Scales of Gold - Dorothy Dunnett [178]
There was a lot of shouting in that, but Nicholas didn’t recognise either Loppe’s voice or Godscalc’s and wondered if Jordan had found him again. His teeth drummed through his head, sticks on skins, sticks on ivory, shell upon shell. Instead of shouting, he spoke with his teeth, but no one listened.
Gelis said, ‘I am frightened.’
No one answered her. They were in Timbuktu, and had spent their first night there. Now it was early morning and she and Bel, Father Godscalc and Diniz found themselves in a courtyard, about to ride out from the house of two storeys to which the tall Negro stranger had brought them. The tall Negro who, frighteningly in the half-light, proved to be no stranger at all, but Lopez in life again.

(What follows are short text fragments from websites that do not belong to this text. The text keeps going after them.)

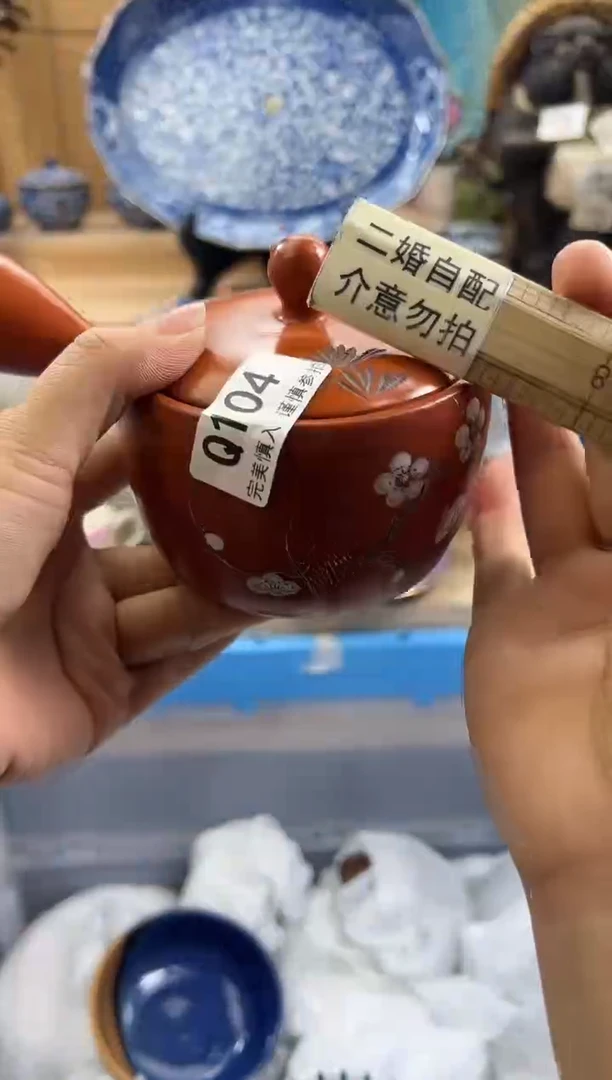 【闪购商品】瓷片104QQQQQQQQQQQQ二婚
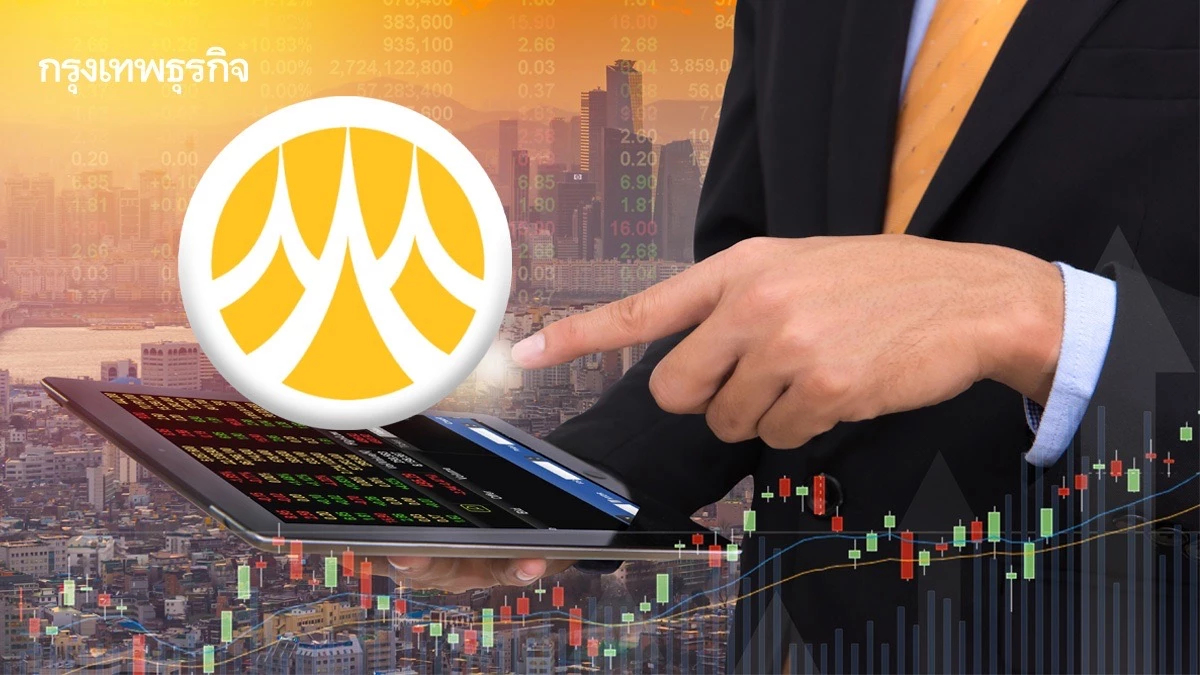 ต่างชาติขาย‘บอนด์-หุ้น’2.8หมื่นล. กรุงศรีชี้‘เงินร้อน’ไหลออก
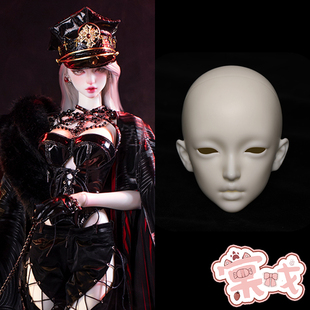 【棠戏BJD】素头配件【DollZone】DZ 龙之息 诺娜 70女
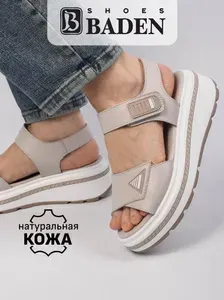 Сандалии Baden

Arriving weary and late, they had found the transformation hard to assimilate. Last night, they had barely noticed where they were staying, being concerned only with Nicholas, who had been conveyed there already, and was sleeping. Lopez had seen them settled and then returned to the sickroom. The building, they gathered, was borrowed, and Lopez, but for tonight, lived elsewhere. There was no sign of Saloum, but many servants were at hand, attentive and smiling. None of them spoke a familiar tongue.
It was not surprising. They were in limbo. They were in the legendary entrepôt where, in due season, the salt from the Sahara was transferred from camel to boat and made its way up the Joliba to the silent place where it was replaced by gold. They were in Timbuktu, and Nicholas had successfully brought them there.

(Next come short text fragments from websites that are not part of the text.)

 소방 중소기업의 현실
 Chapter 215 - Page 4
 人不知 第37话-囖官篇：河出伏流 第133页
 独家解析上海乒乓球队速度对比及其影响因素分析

Last night they had been exhausted. Today they awoke to the reality of Loppe’s living presence; of his transformation from Negro slave to a man named Umar ibn Muhammad al-Kaburi who, captured and sold to the Portuguese, had not lied when he said he had no father or mother, brother or sisters or wife, but who had not confided in them his identity. And who had let them mourn him for dead.
They were disturbed because the deception was too great for them to trust him. They had heard Godscalc’s account of his interview. Diniz, confused and angry, had tried to resume that confrontation, but Godscalc had stopped him. Whatever had caused Loppe’s – Umar’s – actions; the key lay with Nicholas and nothing more should be done until Nicholas was able to speak.

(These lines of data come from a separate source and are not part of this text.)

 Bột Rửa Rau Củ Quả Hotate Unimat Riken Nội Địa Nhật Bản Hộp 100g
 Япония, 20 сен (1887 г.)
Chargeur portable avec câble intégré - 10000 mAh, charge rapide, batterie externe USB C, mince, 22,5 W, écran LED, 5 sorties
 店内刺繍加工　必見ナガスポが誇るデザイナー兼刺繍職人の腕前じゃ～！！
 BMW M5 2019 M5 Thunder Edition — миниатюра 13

Meanwhile, Godscalc found himself avoiding the man he had known for so long, and Gelis maintained a pointed van Borselen silence. Only Bel, perhaps recalling the slave-laden Niccolò, spoke to Loppe-Umar naturally – indeed much as she had talked to her chicken. His eyes showed his gratitude.
For the rest, the former Lopez accepted it all as if well prepared for their censure and puzzlement. Only the condition of Nicholas had clearly startled and worried him: he clung to the sickroom, they saw, as if willing Nicholas to awake. But Nicholas, burning with fever, had retreated currently into a separate world and could not recognise his former companions, much less communicate usefully with them.
Last night Diniz, too, had lingered frustrated at his bedside, but had learned nothing from Nicholas, and less than nothing from his physician. The man was a Negro.
‘From Kabura,’ Umar-Lopez had answered, when fiercely questioned. ‘Of my own race, many of whom live in this quarter. He is a master of medicine, as fully qualified as your friend Abul Ismail of the Mameluke army. Would I offer Nicholas less?’ He had paused, and seemed to brace himself to make an effort. ‘You are about to say that, but for me, his journey here would not have been so impetuous, or so damaging. It is true. I am sorry.’
‘Nicholas didn’t have marsh-fever in Cyprus,’ Diniz said. ‘On that occasion, he gave himself other punishments. He is going to be very angry, I think, when he understands you are not dead, or a dream.’
‘I am sure of it,’ said Umar-Lopez. After a moment he said, ‘It is unusual, to interpret even so much of how Nicholas thinks. But of course, you are of his blood. Of his colour.’